▶ _Collected material_
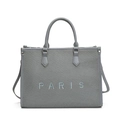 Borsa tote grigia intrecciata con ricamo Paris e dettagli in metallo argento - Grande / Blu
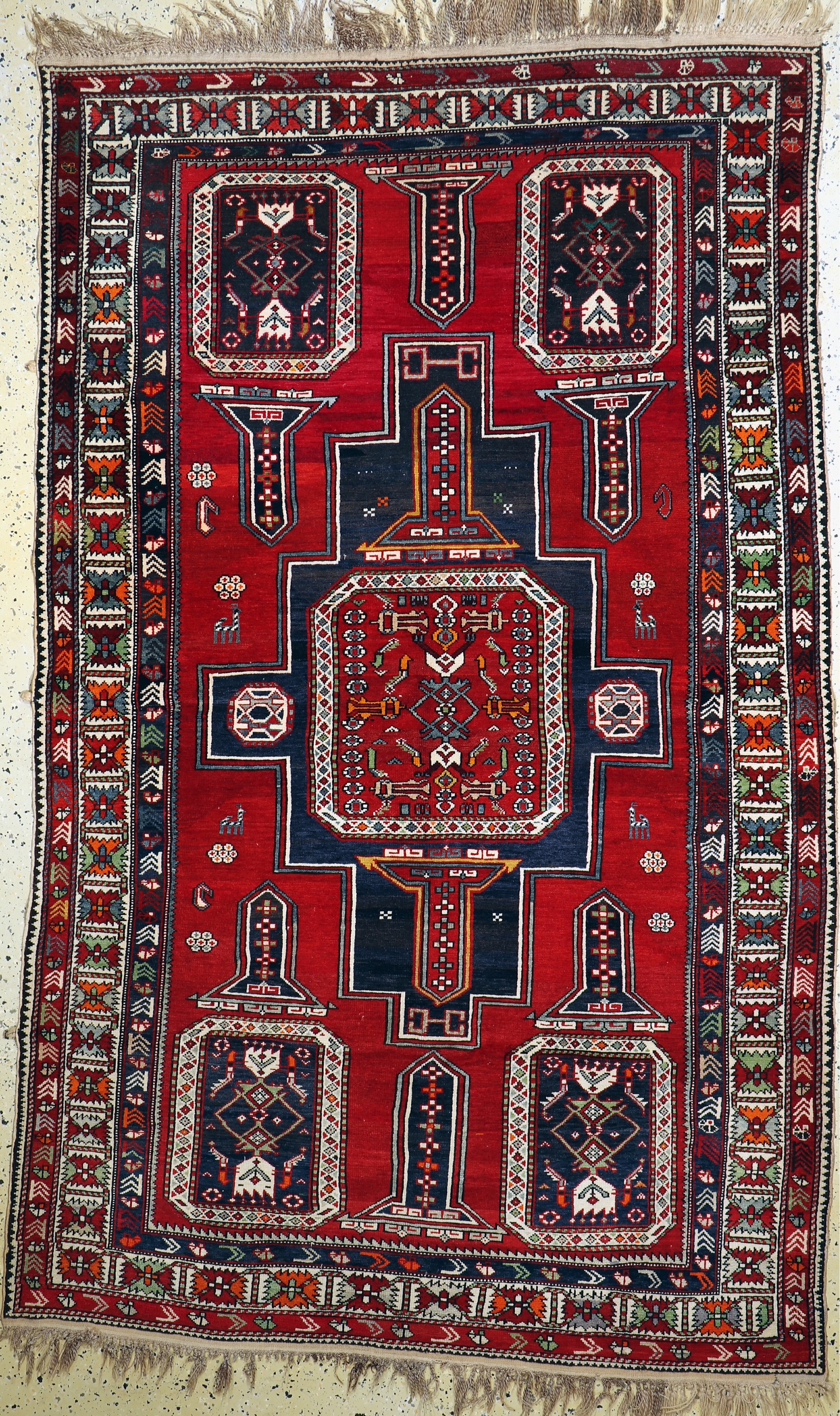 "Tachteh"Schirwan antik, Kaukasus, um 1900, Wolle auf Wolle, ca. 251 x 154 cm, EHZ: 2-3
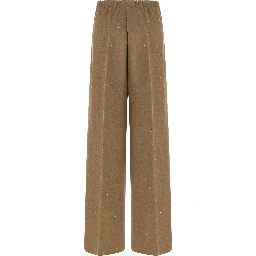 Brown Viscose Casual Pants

▶ _What to do_
The result should be a word-for-word restatement of all the data, without images.

▶ _Output of the exercise_
 Borsa tote grigia intrecciata con ricamo Paris e dettagli in metallo argento - Grande / Blu
 "Tachteh"Schirwan antik, Kaukasus, um 1900, Wolle auf Wolle, ca. 251 x 154 cm, EHZ: 2-3
 Brown Viscose Casual Pants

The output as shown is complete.